I've heard of people saying they are addicted to facebook or to certain applications on the site, but this is way over the top. A baby died due to Farmville....seriously?

I have several friends who have their own personal blogs. They each keep it for different reasons, but several of them use it mainly for updating people on their life, telling interesting stories, or sharing new discoveries or deal offers. Depending on the person depends on how often they blog or how long their blogs are, but it seems that people become dependent on these blogs. One of my friends is a regular blogger and usually updates her page at least once a week, if not more. She is a really good writer and a great photographer. She shares stories and pictures that are awesome and tend to brighten my day a bit when I see or read them. Recently, she had not posted anything for a long length of time and I had started to wonder what was going on. Then, after an almost month long absence, she returned with a very simple post that was just a few short sentences, a beautiful picture of her daughter, and the title “I’m not dead”. There were several comments on this post that included many people saying how much they missed her. One comment included someone saying how excited they were to see her back and was expecting a long post with a full explanation about what had happened to her, and she was disappointed that there was not more to the post.
This whole thing made me start to wonder about the obligation that a blogger had to their audience.
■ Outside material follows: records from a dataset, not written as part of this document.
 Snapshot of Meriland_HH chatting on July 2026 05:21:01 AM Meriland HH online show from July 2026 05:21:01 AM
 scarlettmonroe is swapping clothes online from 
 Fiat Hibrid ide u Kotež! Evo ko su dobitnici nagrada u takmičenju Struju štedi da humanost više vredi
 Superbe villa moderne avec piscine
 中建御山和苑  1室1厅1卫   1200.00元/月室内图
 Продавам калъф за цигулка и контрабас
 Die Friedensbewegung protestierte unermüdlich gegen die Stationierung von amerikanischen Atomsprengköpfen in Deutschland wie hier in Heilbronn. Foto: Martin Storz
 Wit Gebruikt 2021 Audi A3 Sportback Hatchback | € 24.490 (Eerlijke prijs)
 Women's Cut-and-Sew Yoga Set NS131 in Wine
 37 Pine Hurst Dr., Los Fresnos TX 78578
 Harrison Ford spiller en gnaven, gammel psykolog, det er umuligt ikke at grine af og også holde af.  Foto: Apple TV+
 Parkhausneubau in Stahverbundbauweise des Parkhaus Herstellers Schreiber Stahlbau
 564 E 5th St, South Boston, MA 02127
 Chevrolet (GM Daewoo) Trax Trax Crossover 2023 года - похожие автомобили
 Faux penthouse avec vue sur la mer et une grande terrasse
Blogging tends to be a very informal way of sharing stories or ideas, but I had not thought about them as being of any importance. To me, blogging has just been a way that any joe-shmo can put their thoughts out there for the rest of the world to see; it’s another way that people who want to be heard can yell some more. However, after considering this experience and numerous discussions about blogs, I can see that there can be much more to it. Just something interesting to think about I guess…
After discussion of family members and more generations joining things like Facebook, I started to think about all the unspoken etiquette of all the new media and technology that we have. These are things that you learn as you use the media, but it seems that the young adult generations are able to pick up on this etiquette easier than any other generations. I have two prime examples that show this.
My cousin, when she first got a Facebook in 9th grade, hadn’t quite learned some of the appropriate uses of Facebook. She posted on my wall asking if I had heard that my grandma was sick and not doing well. This made me worry and I had to call my parents and get the update. They told me that she was not doing well and that they were waiting to call me until after they had more information and they were sure it wouldn’t interrupt my day. My cousin just seemed to not understand that there are some things that you don’t post on people’s walls, and there are some things that you do not communicate through Facebook. This is one of those etiquettes that is not written anywhere or really spoken about, but it is expected that you know.
At the other end of the spectrum, my aunt got angry at a family member and used Facebook as the place to take out her anger. She used this person’s wall to post a rant with name calling and insults. This is one of those places where you do not try to yell at someone because, firstly, it is very public, but secondly, the person can just delete these posts so it makes no sense.
These are more extreme versions of people not knowing the proper etiquette, but there are a million more examples that I’m sure anyone who uses the sites or technology can come up with. The point is that, how do we learn all of these rules? How is it that some generations catch on faster than others? Is there any way to fix these manner mishaps or do people just have to live and learn?